Das Packen bot bei bisherigen Reisen oft Anlass für Spannungen. Für Rose gab es selten genug Kleider, um allen erhofften oder vorweggenommenen Anlässen entsprechen zu können, während ich in der Regel meinte, dass man auch mit weniger auskommen könnte. Meist wurde dann das eine oder andere Kleidungsstück wieder entfernt.

Diesmal war alles anders. Wir hatten uns schnell darauf verständigt, uns auf max. 20 kg Hauptgepäck zu beschränken. Die 7 kg Handgepäck waren weitgehend ausgereitzt, bei Rose mit dem erforderlichen Insulinvorrat inklusive Testutensilien und bei mir mit der Fotoausrüstung.
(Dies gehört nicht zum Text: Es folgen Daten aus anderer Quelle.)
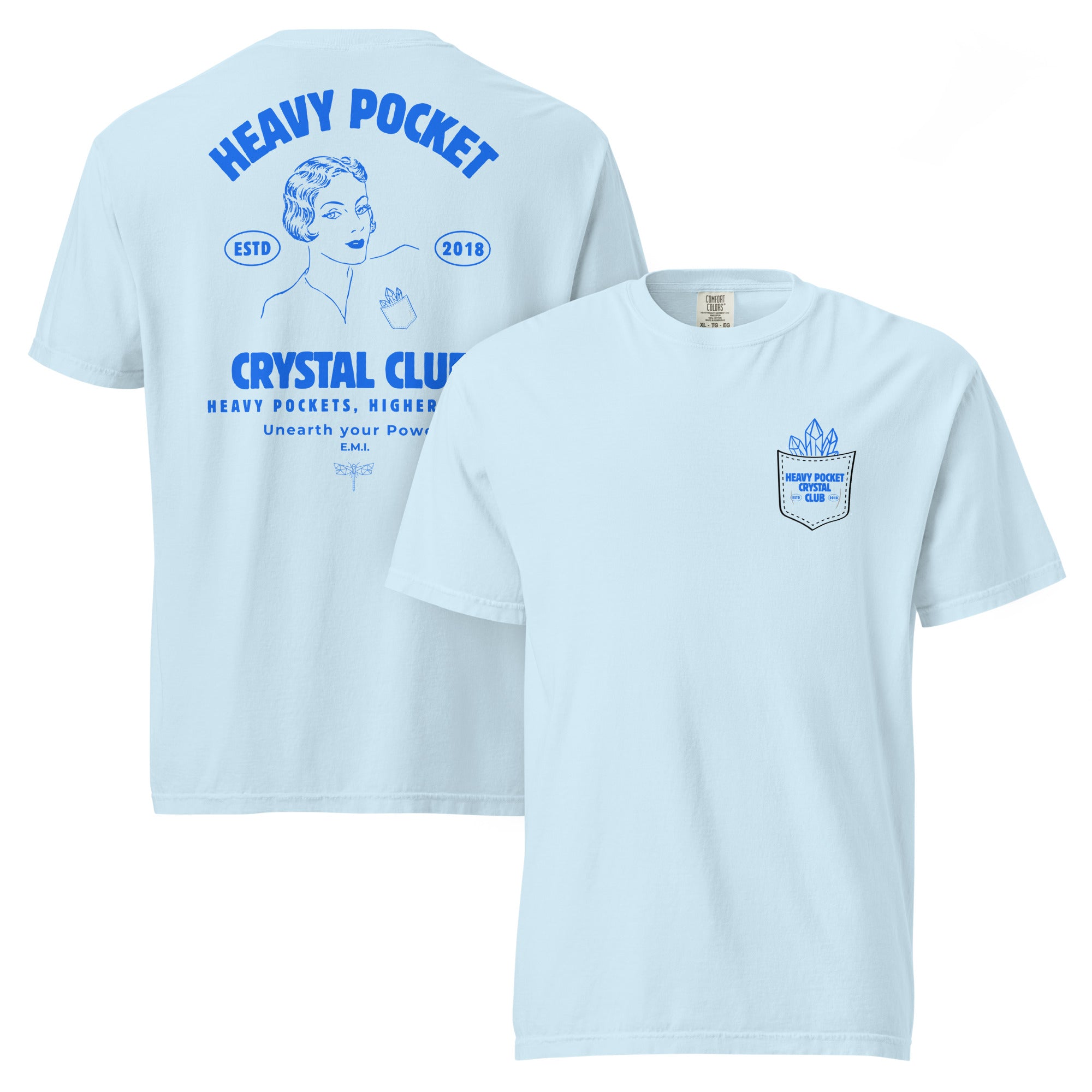 Heavy Pockets Crystal Club Comfort Colors T-Shirt - Funny Retro Crystal Lover Unisex Tee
In einem ersten Schritt stellte jeder anhand einer längst erstellten Packliste seinen Packen zusammen. Nachdem die Waage grünes Licht gegeben hatte, wurden die Packen in einem zweiten Schritt gemischt. Konkret: In Roses Koffer kam die Hälfte ihrer und meiner Ausrüstung und umgekehrt. So hätten wir auch bei Verlust eines Gepäckstückes immer noch genügend Kleidung, um fürs Erste über die Runden zu kommen. Jetzt konnten in einem dritten Schritt die einzelnen Gepäckstücke gepackt werden. Und siehe da – große Überraschung – wir blieben beide unter 20 kg! Nur mein Fotorucksack riss mit 7,8 kg das Limit von 7 kg für´s Handgepäck.

Beim Zusammenstellen der Kleidung ließen wir uns von zwei Prinzipien leiten:

  • Zwiebelschalenprinzip, um für alle Wetterlagen vorbereitet zu sein
  • Wäschevorrat für 14 Tage, denn in diesem Zeithorizont kann man auch mal waschen.

So fand das Packen heute einen ganz harmonischen vorläufigen Abschluss! Der count down läuft.